Federated Records Management: Pandora's Box or The Holy Grail?
Here's a 350 word explanation of the premise behind Assured Federated Records Management. I am working on a longer, more explicit description.
The promise of federated records management is the ability to manage all of the records in your enterprise from within a single system, BUT, Federated Records Management solutions are destined to fail for one primary reason…
In a federated environment the master records system needs to make content in the remote systems immutable. In 95% of cases, the remote systems do not support the ability for an external system to make their content immutable, in fact most of them do not even understand the concept of immutability – take the ubiquitous file system for example. The net result is that while the master records system thinks it has made the remote content immutable there is often nothing to stop a privileged user from changing or deleting that content – without your knowledge. You are potentially losing records and you have no way of knowing that it happened – the courts are very unsympathetic if a company cannot show that they are retaining records across all systems.

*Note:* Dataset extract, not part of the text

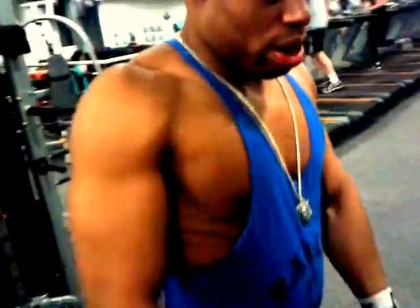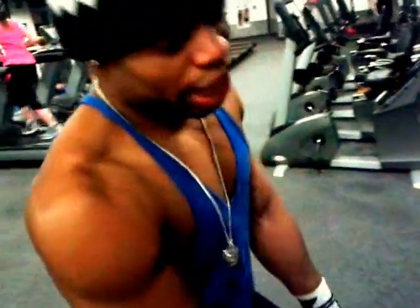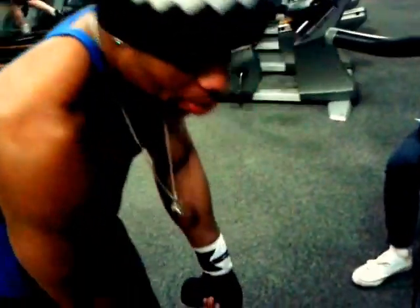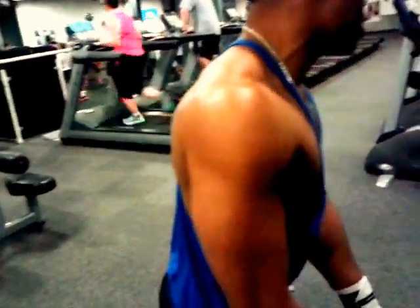Hey guys, welcome to our last tricep workout, just with a cable. You don't go too heavy, between 10 to 40 kilos, 10 to 12 reps, 3 seconds. Make sure you speed on the top. So I'm going to show you guys how you go.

The “FRM Assurance Integrity” engine accepts these inherent problems as being unavoidable. The engine runs as a background process and periodically checks the integrity of the objects in the remote systems. It is able to tell whether the remote content has been changed or deleted and notify the appropriate parties. How does this knowledge help us? We get a chance to discover and deal with the root cause – was it the intentional destruction of records, a rogue process or an over zealous system admin? We can then stop the problem re-occurring and restore records from backup if necessary. More importantly we have a rolling audit trail that shows auditors or the courts that our federated systems are working correctly.
An additional benefit of the integrity assurance engine is the ability to use not just technology for your federated records solution; you can also use manual processes. You can now use training and change control processes to stop people from changing records in systems and then reply on the assurance engine to monitor adherence to those policies.